Bardh Prenkaj, Dario Aragona, Alessandro Flaborea, Fabio Galasso, Saverio Gravina, Luca Podo, EmiliaReda, Paola Velardi
For the autoencoder baselines, we set the number of epochs to 30, the batch size to 32, and the learning rate to 10^-3. For TadGAN, we set the epochs to 50, the batch size to 64, the learning rate to 5x10^-4 and the iteration for the critic to 5. We use Adam as the optimisation function to train all the baselines. We took inspiration from an online available PyTorch implementation at TadGAN.
In Datasets folder are stored the 3 datasets used as benchmark, each of them represented by the following files:
- normal_sequences.pt : [Num_sequences, Window_size = 30, N_features = 5]
- activity_codes.json : dictionary containing the mapping between numerical labels and activities.

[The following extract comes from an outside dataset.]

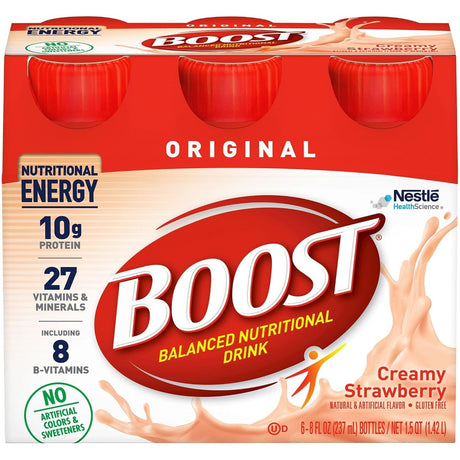 Boost Original Nutritional Drink, Creamy Strawberry, 8 oz - BOO00041679676363-Single - LL Medico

- POINT_ANOMALIES : folder containing four anomalous test sequences, identified by their name and provided in the format specified for normal_sequences.pt, associated with the groundtruth.
The features are described as follows:
- label : numerical label representing the action carried on (see activity_code.json for the conversion to human-readable format).
- beginTS : normalised numerical value representing the timestamp of the day the action is carried on [0, 1].
- duration : duration of an action normalised in [0,1] w.r.t to all the durations of the same activity type.
- dayPart : to account for the temporal collocation of the activity in a particular day, we divide it in four daily slots corresponding to night, morning, afternoon, and evening, mapped as [0,1,2,3].
- dayFrequency : frequency of an action occurring in a day, normalised in [0,1] w.r.t. to the frequencies of activities of the same type.